I need an advice on the following issue:

If someone has a two years contract with the company but passed only 1 year and got terminated, it supposed to be 11 months working and 1 month vacations which is mentioned in the contract but worked for 12 months and then got terminated, what does that mean? Will i get a full salary for paid vacation month which is not taken or what? Please advice thanks


----------



## nonoa (Jan 9, 2014)

The labor law states:
_
"For every year of service, an employee is entitled to an annual leave of not less than the following:

- Two days leave for every month if his service is more than six months and less than a year.
- 30 days annually if his service exceeds one year. 

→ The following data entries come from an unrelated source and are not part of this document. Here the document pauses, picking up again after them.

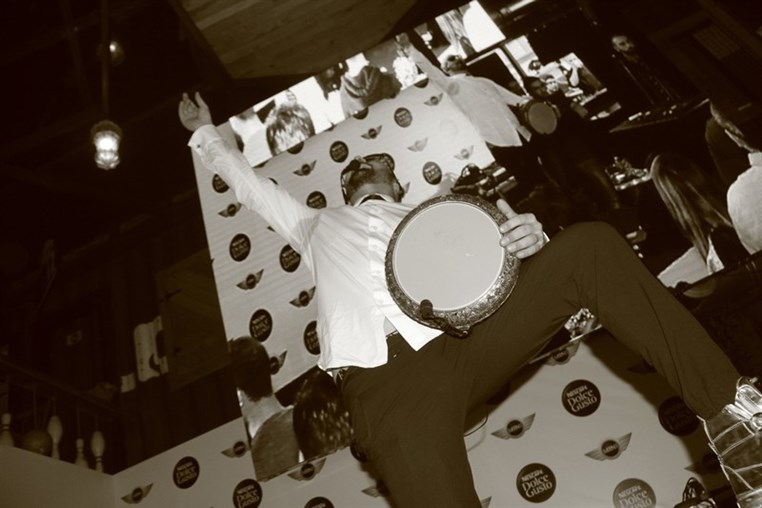 MINI-NESCAFE Dolce Gusto Event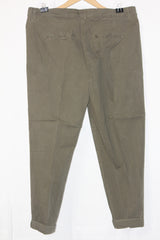 Next Green Straight Pant - Large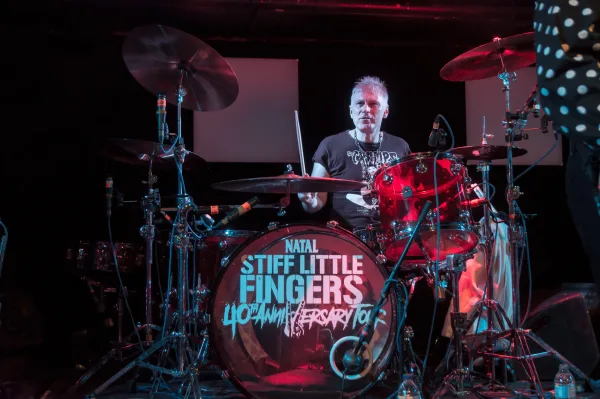Stiff Little Fingers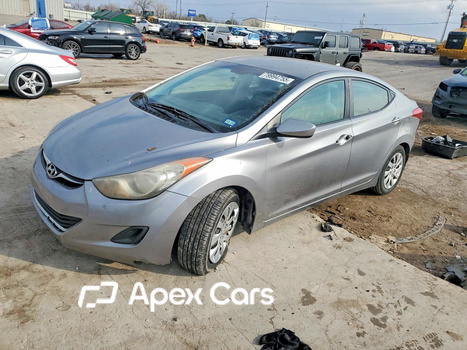Hyundai Elantra 2012 - Image 1 of 14
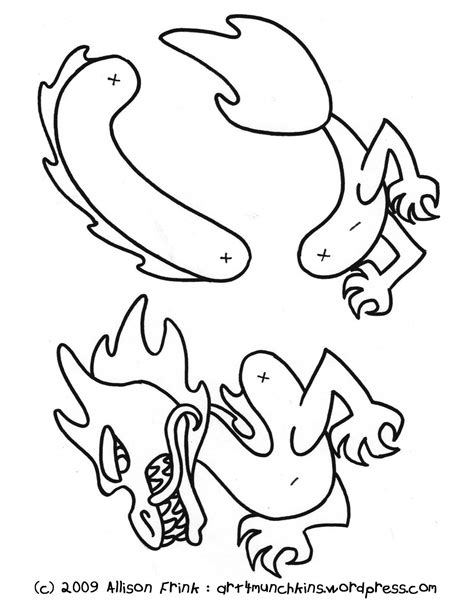 Best dragon face printables can not only be used and reused to create all kinds of face masks and wall décor assets whether you wish to replicate the décor of your favourite chinese restaurant from the. Dragon template-pin | Shadow puppets, Dragon party, Paper puppets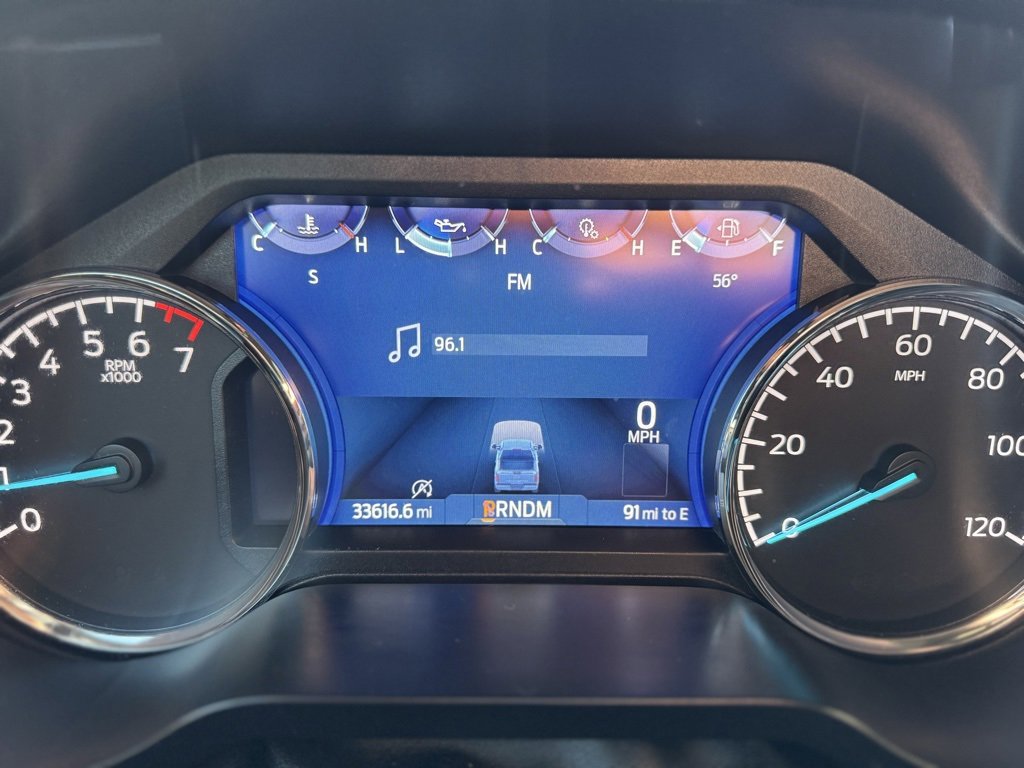 Used 2021 Ford F150 XLT w/ Equipment Group 302A High image 11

At the end of the service the employee is entitled to an annual leave for the fraction of the last year he spent in service."_

So you will be entitled to the month's leave since you have completed the year. If they argue that you have not EXCEEDED a year, you are still entitled 2 days for each month of service which amounts to 24 working days.


----------



## KhalidAbuDhabi (Oct 10, 2016)

nonoa said:


> The labor law states:
> _
> "For every year of service, an employee is entitled to an annual leave of not less than the following:
> 
> ...


Thanks Nonoa for the explanation. Though i have one more question to be clarified. The HR told me not to serve the grace month after signing the termination letter, Will it be account as my annual holidays?


----------



## nonoa (Jan 9, 2014)

Both parties would be required to pay compensation in lieu of notice, so you can contest or discuss this with them before signing. See article 120 of labor law. 

So yes they are required to pay but make sure you are not waiving any rights with whatever you are signing. Read carefully.


----------